Is volatility good? Can you trust promoters pledging their shares? Do cash-rich companies need investors?
By Mohan Sule  
Stocks have been volatile of late, rising and falling with the flow of news.  A sudden development interrupts consecutive days of unilateral direction of the market. On some other occasions, equities plunge or surge with equal ferocity on alternate trading sessions or even intra day. Events influencing investing are not necessarily confined to India. Stalling of key bills in the Rajya Sabha pulls down the market and so also improvement in US jobs data, sparking fears of US Federal Reserve sticking to its course of hiking interest rates from June. Similarly, cut in lending rates by China’s central bank casts a gloom on worries that the move will increase consumption of commodities by the largest manufacturer in the world and thereby boost prices as well as on concerns that the issue of retrospective collection of minimum alternative tax will drag on in courts. Besides the softening of the position of Greece on payment of debt instalments, putting on block a couple more PSUs for stake-sale and reworking the urea subsidy mechanism to kick start fertilizer production induce optimism. In short, the market is jumping from one issue to another without letting the resolution of earlier problems to percolate. This is because valuations have raced so much ahead, taking for granted that the NDA government will be bombarding the economy by one reform after another. Earlier, the delay by parliament in approving increase in FDI in the insurance sector to 49% was painted as the ultimate reform on which the well being of the economy hinged. Now it appears that the passage of the amended Land Acquisition Bill is the final frontier for India to conquer. 

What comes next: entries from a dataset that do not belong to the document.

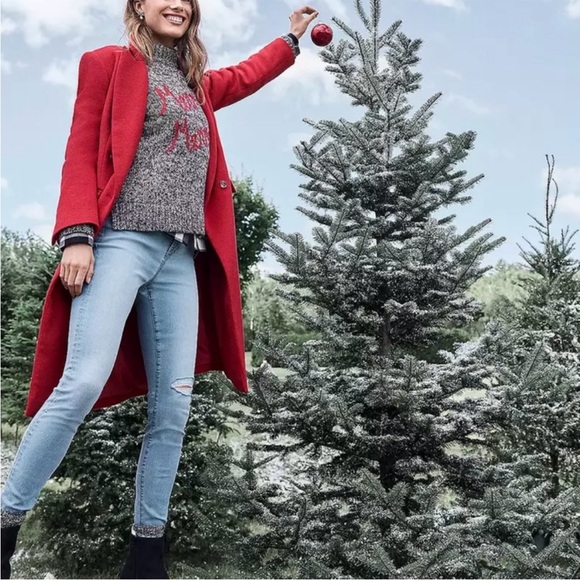 Red coat - Picture 3 of 5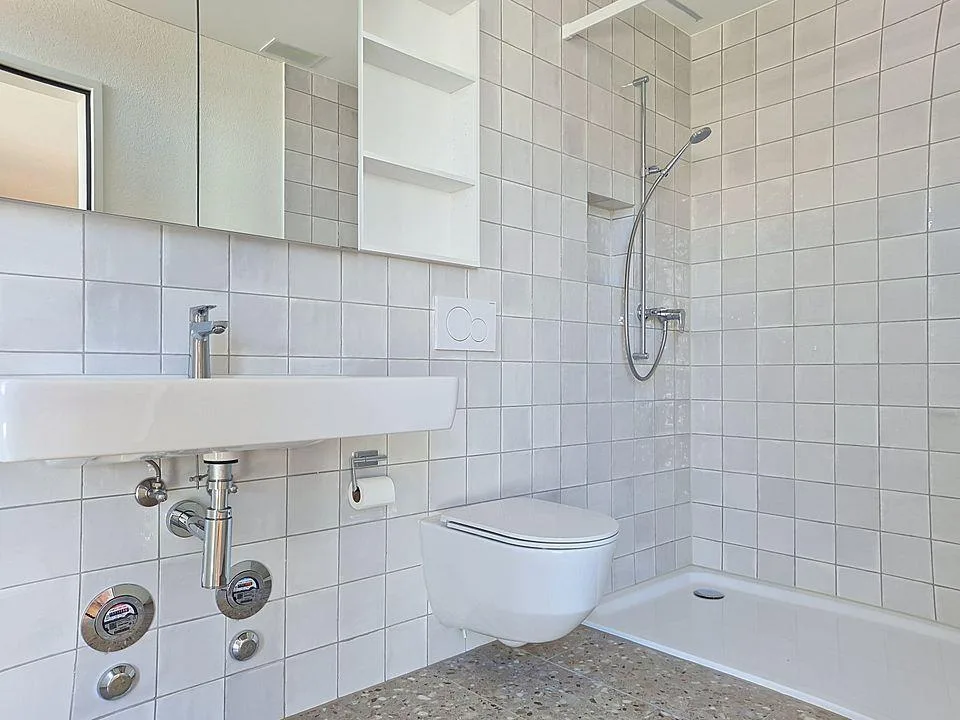 5.5-Zimmer-Maisonettewohnung mit grosszügigem Sitzplatz und Garten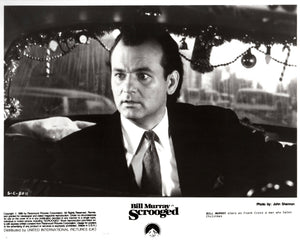 Scrooged 1988 Publicity Film Movie Press Still Framed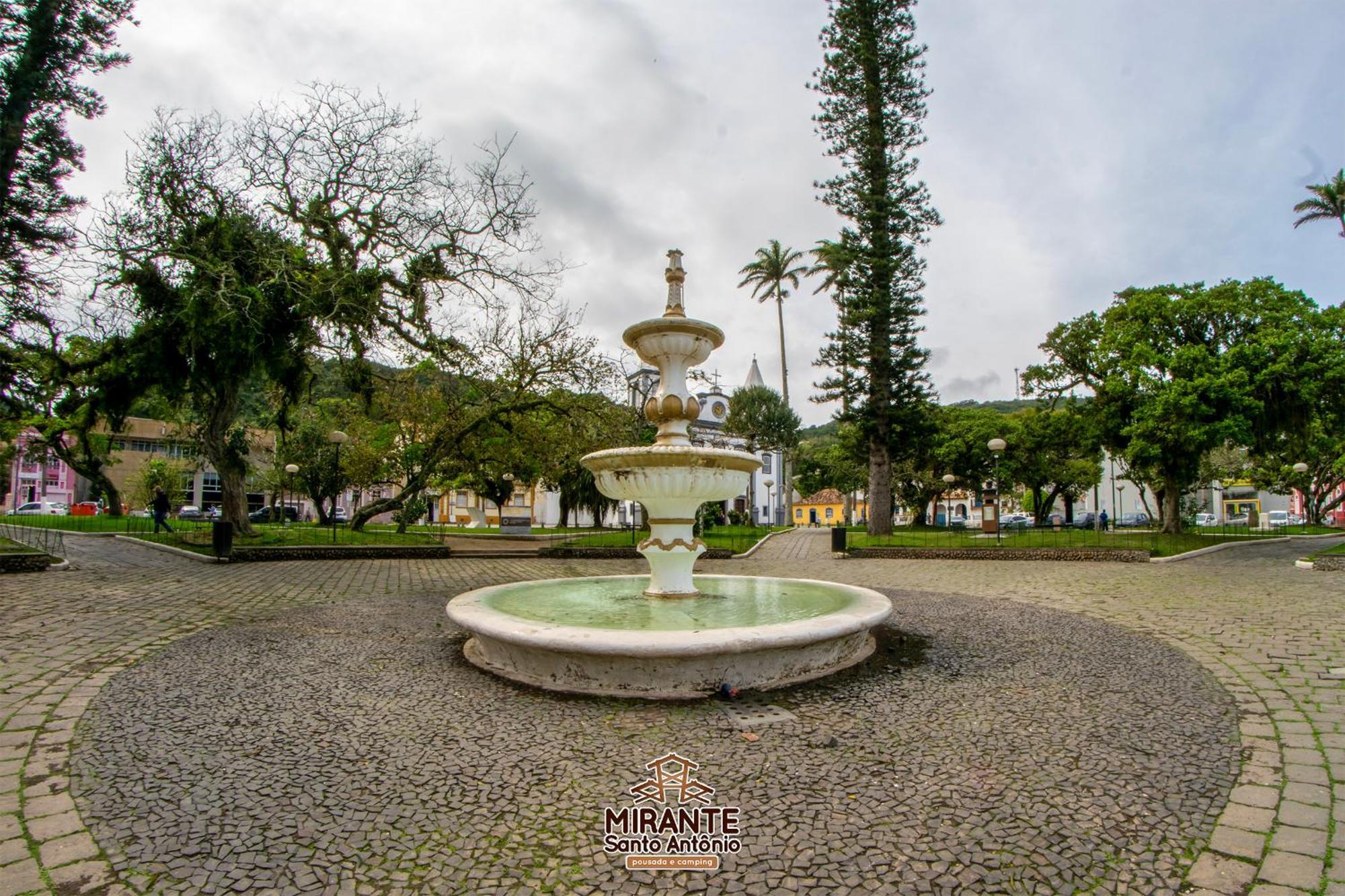 Hotel Mirante Santo Antonio Pousada E Camping Laguna Exterior foto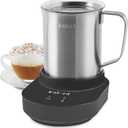 Instant Pot Instant Magic Froth 9-in-1 Electric Milk Steamer and Frother,17oz Stainless Steel Pitcher,Hot and Cold Foam Maker and Milk Warmer for Lattes,Cappuccinos,Macchiato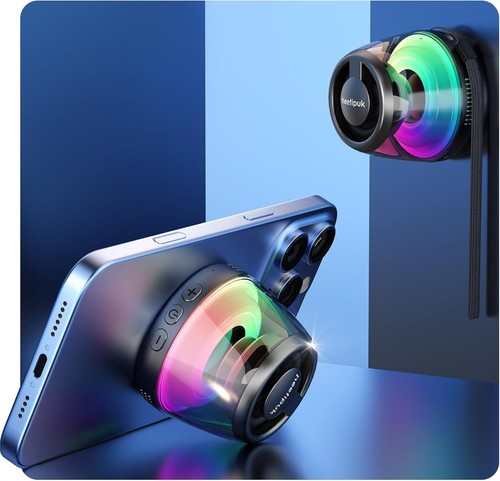 Magnetic bluetooth speaker - magnetic,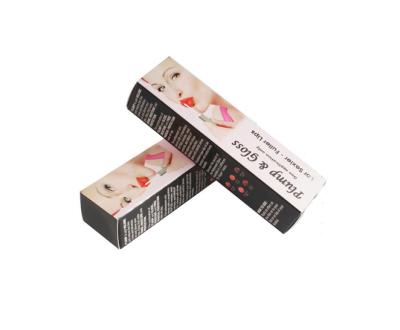 China Recycled Materials Customized Full Colors Printing Paper Cosmetic Packaging Box for sale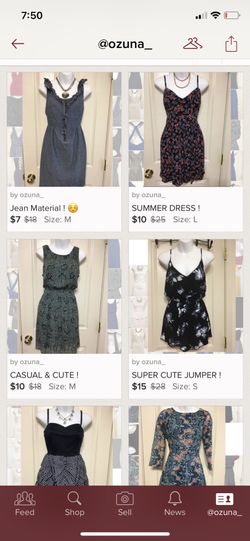 I SELL DRESSES FOR CHEAP ! 😁☺️😍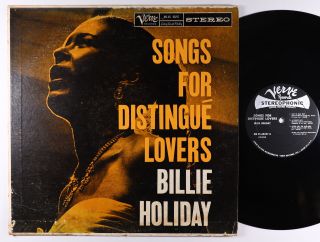 Billie Holiday - Songs For Distingue Lovers Lp - Verve - Mg Vs - 68257 Dg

It should be evident by now that the Narendra Modi government wants to take one step at a time, covering its tracks even if it means delays, so it cannot be accused of carrying out reforms at the behest of certain sections of industry or to appease some other segment. In the process, however, it is the retail investor who is left wondering if the market flux is here to stay or temporary. Yet, realization in emerging that volatility may not be bad after all. For every foreign institutional investor fed up with the dodgy interpretation of tax rules in India, there might be a mutual fund familiar with the grinding speed with which the bureaucracy functions but still believes in the India growth story. The wild fluctuations are more likely to be a clash of opposing views rather than a reflection of a shallow market. The correction and recovery ensure valuations do not enter bubble territory or a downturn. A secular trend is more dangerous as it exemplifies unwarranted pessimism or irrational exuberance. The severe market gyrations should lead to rethinking of the vanilla concept of  bull and bear phases. The other is of pledging of shares by promoters, which triggers a reflex ` sell’ action by investors, conjecturing all sorts of dark scenarios ranging from extravagant lifestyle of the owners to mismanagement.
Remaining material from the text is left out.